Recent studies show that parents can no longer afford to be the main source of college funding for students. As a consequence, today, most students take out loans to pay for their college education. This type of debt can be a wise investment, experts say, but students need to carefully consider how much is too much to borrow. U.S. News has some tips on how to manage student debt.
Look at the Total Cost of College
Tuition is only the tip of the iceberg for college expenses. Students should also factor in books, housing, meals and transportation. “People look at tuition and think, ‘Oh, that’s what I need,’” Suzanna de Baca of Ameriprise Financial told U.S. News last year. “They don’t really make a good list of all the different expenses that are involved.”
Once students calculate their total costs, they can figure out how to cover their expenses. Grants, scholarships and college savings plans should be used before loans come into play, experts say. Students should also deduct potential earnings from any part-time jobs, like waiting tables, from their total costs to determine what they need.
Colleges set tuition and fees, so those costs are easy to budget for. Housing, meals and entertainment expenses are another story. It may be tempting to live in an expensive off-campus apartment or eat out every night, but borrowers should be frugal whenever possible, experts say.
Student loans aren’t free money. The more you borrow, the longer it will take to pay off your debt. Before signing on the dotted line, consider declining any excess loans.
“We encourage reducing loans if they don’t need it,” Sara Harrington, assistant director of academic progress and loans at the University of Iowa, told U.S. News.
Talk to Others Who Can Help
Most first-time college students have minimal experience with managing money, much less borrowing large sums.
Seek out advice from college graduates, parents and especially your school’s financial aid office to ensure you are not making any financial aid missteps, experts say.
At some point, student loans need to be repaid. Students should be clear not only on what the repayment terms are, but how much the payments will be. The Department of Education’s repayment comparison calculator gives students an estimate of monthly loan payments for federal loans under various repayment plans.
Once you know the payments you will face after graduation, make sure you can afford them. The goal is to owe less than what your starting salary will be after graduation, financial aid expert Mark Kantrowitz told U.S. News last year.
Sites such as PayScale list the average starting salary for a variety of majors, including elementary education.
Pay Attention to What and How You Borrow
“Always exhaust federal loans before going to private,” says Sara Harrington, assistant director of academic progress and loans at the University of Iowa.

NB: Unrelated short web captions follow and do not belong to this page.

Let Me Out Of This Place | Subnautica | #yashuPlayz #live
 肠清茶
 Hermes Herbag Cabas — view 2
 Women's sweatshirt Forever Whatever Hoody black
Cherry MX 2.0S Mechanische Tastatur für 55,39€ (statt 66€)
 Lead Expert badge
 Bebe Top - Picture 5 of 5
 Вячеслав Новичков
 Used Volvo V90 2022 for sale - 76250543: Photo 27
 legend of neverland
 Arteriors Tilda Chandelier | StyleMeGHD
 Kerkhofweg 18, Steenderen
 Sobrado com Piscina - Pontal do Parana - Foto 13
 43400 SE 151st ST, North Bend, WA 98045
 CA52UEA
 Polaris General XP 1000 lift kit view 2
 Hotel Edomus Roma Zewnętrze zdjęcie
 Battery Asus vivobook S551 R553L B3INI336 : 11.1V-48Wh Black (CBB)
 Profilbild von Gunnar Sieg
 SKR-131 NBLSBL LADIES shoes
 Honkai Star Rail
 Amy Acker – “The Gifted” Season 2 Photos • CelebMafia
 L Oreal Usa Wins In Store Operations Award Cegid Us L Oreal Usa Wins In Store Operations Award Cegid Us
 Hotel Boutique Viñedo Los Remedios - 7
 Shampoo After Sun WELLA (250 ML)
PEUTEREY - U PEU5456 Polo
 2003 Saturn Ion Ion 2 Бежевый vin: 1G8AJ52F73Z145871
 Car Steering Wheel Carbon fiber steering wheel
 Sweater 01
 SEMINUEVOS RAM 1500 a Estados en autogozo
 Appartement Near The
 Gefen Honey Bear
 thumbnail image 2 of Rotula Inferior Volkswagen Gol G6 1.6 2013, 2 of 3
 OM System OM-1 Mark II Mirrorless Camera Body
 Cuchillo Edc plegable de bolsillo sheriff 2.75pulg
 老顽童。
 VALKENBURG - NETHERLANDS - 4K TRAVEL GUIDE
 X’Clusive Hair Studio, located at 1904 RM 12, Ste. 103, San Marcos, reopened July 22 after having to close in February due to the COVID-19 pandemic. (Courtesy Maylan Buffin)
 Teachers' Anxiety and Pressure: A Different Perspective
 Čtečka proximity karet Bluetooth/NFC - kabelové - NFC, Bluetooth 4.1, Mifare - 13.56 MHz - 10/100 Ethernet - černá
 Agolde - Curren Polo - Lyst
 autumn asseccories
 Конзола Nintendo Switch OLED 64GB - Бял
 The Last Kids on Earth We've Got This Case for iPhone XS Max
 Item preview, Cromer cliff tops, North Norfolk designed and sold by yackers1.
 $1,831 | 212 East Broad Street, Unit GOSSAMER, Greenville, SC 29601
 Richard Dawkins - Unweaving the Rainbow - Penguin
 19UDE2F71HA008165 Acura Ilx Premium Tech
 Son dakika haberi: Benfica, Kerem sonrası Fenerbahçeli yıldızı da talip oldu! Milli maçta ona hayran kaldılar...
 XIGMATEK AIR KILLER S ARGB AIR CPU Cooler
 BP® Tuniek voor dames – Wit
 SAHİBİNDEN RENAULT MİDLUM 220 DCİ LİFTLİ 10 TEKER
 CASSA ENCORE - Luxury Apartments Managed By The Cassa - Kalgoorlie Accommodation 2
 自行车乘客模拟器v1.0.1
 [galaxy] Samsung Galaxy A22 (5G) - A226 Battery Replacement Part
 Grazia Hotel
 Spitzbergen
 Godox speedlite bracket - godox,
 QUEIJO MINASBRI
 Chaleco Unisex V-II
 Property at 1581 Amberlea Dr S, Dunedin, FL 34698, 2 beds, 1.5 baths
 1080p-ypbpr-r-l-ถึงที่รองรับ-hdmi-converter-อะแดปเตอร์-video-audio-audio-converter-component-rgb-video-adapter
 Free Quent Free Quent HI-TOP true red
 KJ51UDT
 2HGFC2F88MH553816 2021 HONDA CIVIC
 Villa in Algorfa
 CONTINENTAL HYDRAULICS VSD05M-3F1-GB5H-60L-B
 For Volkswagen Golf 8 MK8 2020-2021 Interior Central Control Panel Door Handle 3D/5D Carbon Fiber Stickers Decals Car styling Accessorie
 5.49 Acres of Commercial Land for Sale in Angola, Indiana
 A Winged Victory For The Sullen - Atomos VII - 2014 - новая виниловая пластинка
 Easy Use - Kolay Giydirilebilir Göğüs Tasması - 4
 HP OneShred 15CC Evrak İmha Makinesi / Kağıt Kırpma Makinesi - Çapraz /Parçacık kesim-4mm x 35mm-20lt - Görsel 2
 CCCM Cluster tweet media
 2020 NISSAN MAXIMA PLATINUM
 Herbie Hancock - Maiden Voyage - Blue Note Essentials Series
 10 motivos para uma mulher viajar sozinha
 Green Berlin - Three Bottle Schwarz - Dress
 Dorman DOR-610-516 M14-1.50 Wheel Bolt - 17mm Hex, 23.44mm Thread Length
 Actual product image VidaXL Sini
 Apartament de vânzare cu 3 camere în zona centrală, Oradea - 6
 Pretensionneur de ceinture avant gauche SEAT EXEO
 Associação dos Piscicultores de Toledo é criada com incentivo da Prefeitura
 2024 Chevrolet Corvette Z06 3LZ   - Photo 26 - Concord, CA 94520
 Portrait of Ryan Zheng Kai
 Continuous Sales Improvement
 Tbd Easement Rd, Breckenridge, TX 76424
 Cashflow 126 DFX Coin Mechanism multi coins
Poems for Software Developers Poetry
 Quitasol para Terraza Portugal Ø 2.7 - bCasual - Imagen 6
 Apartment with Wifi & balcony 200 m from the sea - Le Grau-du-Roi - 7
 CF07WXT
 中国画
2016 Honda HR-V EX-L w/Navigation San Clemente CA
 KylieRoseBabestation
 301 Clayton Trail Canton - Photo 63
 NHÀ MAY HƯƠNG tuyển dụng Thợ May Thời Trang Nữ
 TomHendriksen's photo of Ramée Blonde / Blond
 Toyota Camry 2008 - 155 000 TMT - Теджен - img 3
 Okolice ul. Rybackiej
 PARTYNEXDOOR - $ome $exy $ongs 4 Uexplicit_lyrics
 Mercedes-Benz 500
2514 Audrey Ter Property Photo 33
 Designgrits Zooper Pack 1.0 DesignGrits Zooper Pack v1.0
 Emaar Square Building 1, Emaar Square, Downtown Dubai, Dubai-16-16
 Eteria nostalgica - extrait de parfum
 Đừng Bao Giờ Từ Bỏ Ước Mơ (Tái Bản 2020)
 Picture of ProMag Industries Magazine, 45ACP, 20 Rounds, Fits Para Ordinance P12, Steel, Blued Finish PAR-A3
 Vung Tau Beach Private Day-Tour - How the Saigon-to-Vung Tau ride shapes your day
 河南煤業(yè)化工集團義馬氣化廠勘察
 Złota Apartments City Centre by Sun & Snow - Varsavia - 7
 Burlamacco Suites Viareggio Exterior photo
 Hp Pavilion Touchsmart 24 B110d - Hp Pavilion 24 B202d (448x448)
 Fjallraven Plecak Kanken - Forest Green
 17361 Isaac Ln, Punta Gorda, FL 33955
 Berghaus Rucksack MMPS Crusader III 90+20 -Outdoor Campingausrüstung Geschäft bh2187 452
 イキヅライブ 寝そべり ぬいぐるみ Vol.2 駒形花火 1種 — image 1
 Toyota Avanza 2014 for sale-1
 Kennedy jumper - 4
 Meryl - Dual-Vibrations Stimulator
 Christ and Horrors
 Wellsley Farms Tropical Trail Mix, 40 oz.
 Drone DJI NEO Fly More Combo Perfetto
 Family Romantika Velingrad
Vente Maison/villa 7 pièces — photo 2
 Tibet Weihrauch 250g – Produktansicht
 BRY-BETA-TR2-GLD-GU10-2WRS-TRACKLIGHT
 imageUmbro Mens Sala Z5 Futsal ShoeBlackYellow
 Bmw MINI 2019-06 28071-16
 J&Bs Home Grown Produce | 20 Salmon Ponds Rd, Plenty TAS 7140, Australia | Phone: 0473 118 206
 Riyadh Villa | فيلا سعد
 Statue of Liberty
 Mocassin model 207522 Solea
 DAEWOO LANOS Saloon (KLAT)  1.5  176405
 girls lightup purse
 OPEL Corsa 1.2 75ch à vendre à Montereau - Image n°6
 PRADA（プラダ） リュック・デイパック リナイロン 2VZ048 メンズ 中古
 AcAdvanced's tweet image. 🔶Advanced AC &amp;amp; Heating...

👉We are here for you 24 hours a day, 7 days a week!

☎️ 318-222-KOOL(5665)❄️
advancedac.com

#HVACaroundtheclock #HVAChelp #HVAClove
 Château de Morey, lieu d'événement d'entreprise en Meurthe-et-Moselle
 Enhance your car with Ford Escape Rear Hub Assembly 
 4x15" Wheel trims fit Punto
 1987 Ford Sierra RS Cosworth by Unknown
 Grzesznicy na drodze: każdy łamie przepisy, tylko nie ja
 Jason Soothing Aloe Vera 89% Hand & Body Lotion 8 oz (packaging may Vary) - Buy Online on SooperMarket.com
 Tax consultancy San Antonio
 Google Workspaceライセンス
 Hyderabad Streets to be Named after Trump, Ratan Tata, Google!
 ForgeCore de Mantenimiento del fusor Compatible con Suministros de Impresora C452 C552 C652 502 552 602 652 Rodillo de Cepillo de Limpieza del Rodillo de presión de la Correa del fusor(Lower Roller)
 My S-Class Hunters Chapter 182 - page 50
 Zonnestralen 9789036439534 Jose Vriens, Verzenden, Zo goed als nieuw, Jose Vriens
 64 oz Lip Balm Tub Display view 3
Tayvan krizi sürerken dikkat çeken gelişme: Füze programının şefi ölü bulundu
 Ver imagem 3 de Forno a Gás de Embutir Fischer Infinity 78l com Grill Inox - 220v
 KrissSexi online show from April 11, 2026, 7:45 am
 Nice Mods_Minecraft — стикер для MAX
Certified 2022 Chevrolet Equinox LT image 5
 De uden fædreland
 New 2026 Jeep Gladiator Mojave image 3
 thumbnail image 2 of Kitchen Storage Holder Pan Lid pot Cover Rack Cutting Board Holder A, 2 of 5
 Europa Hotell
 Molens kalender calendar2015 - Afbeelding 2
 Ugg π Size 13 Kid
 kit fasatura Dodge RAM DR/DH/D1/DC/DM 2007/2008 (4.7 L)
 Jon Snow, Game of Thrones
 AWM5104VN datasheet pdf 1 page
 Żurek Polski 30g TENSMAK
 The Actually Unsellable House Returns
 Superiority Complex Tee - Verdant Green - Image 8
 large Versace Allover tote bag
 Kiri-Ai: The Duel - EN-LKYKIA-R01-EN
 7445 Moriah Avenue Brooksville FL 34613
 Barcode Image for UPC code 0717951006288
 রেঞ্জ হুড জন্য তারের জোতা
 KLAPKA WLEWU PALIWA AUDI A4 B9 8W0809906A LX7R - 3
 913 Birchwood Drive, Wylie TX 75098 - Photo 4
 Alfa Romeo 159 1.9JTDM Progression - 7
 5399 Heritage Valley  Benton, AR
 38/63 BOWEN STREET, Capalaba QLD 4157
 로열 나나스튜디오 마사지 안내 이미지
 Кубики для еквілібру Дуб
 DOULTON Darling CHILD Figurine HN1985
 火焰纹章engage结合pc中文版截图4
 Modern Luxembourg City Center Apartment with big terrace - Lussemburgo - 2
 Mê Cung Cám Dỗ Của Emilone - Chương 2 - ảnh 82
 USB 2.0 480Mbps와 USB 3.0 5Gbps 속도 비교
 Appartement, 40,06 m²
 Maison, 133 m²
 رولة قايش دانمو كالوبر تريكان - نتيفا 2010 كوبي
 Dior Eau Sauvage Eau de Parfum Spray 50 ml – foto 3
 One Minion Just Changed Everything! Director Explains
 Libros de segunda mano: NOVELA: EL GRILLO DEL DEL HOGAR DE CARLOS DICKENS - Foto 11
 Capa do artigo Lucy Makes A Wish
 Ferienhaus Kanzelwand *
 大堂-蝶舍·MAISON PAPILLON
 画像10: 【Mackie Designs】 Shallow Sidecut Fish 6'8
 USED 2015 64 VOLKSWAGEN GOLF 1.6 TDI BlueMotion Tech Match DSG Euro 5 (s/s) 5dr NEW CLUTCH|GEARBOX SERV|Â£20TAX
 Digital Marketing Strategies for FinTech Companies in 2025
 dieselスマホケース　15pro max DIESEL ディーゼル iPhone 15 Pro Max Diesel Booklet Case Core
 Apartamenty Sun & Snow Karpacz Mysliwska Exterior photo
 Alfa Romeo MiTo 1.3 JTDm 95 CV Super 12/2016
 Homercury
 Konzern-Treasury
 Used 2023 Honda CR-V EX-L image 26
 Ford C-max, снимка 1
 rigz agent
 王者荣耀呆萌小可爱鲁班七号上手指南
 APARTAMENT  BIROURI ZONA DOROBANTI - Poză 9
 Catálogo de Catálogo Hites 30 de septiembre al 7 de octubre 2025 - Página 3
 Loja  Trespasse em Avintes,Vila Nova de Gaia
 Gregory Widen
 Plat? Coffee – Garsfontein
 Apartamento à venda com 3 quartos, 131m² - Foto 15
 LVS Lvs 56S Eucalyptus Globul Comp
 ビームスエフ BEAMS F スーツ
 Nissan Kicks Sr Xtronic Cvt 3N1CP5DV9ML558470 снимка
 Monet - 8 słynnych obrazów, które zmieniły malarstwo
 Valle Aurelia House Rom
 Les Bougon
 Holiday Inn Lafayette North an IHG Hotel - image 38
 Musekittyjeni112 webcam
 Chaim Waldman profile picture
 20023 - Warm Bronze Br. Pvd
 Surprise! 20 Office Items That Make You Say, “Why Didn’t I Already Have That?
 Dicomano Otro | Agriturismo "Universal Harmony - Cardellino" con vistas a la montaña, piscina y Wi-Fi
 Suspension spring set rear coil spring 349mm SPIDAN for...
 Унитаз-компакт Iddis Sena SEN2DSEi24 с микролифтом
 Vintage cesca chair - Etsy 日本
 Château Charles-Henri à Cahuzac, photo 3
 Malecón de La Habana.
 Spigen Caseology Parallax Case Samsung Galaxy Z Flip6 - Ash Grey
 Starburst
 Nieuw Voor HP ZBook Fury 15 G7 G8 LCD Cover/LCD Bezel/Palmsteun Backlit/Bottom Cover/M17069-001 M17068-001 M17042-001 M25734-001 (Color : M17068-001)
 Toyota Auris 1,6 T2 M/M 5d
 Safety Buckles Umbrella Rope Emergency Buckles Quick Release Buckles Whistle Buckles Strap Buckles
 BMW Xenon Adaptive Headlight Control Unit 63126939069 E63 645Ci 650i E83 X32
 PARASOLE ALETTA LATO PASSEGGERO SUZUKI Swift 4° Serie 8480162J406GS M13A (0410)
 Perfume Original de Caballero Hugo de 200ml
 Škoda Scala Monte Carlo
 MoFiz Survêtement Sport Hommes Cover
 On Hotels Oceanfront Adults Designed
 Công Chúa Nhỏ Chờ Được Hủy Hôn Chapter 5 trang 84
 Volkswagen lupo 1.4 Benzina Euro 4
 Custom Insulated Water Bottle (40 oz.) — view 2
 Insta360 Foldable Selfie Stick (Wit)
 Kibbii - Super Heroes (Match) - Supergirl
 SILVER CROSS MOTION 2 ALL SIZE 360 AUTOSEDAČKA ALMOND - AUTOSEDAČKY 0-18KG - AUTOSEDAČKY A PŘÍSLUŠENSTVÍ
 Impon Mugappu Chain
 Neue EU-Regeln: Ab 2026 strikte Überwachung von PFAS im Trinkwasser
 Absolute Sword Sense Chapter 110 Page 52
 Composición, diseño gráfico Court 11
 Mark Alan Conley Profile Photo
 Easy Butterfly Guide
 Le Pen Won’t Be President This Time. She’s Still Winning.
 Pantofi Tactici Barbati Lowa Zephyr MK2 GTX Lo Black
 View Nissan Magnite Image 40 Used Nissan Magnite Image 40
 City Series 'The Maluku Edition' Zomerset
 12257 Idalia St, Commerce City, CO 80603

If federal loans are insufficient or unavailable, evaluate private loan offerings, keeping in mind interest rates and repayment terms. Taking on student loan debt can be a smart financial move, if it is well researched, experts say.
“I think we’ve given the impression to some parents and students that borrowing at all is dangerous,” Brian Lindeman, financial aid director at Macalester College, told U.S. News last year. “A reasonable amount of student debt can be one of the best investments a student will ever make.”
College is not a one-year enterprise, and student loans pile up along the way.
“It’s really important for students to be aware of how much they are borrowing,” says Sara Harrington with the University of Iowa. “Not just one year at a time, but the cumulative effect of it.”
Borrowers can use the National Student Loan Data System to stay on top of all their federal loans, including outstanding interest.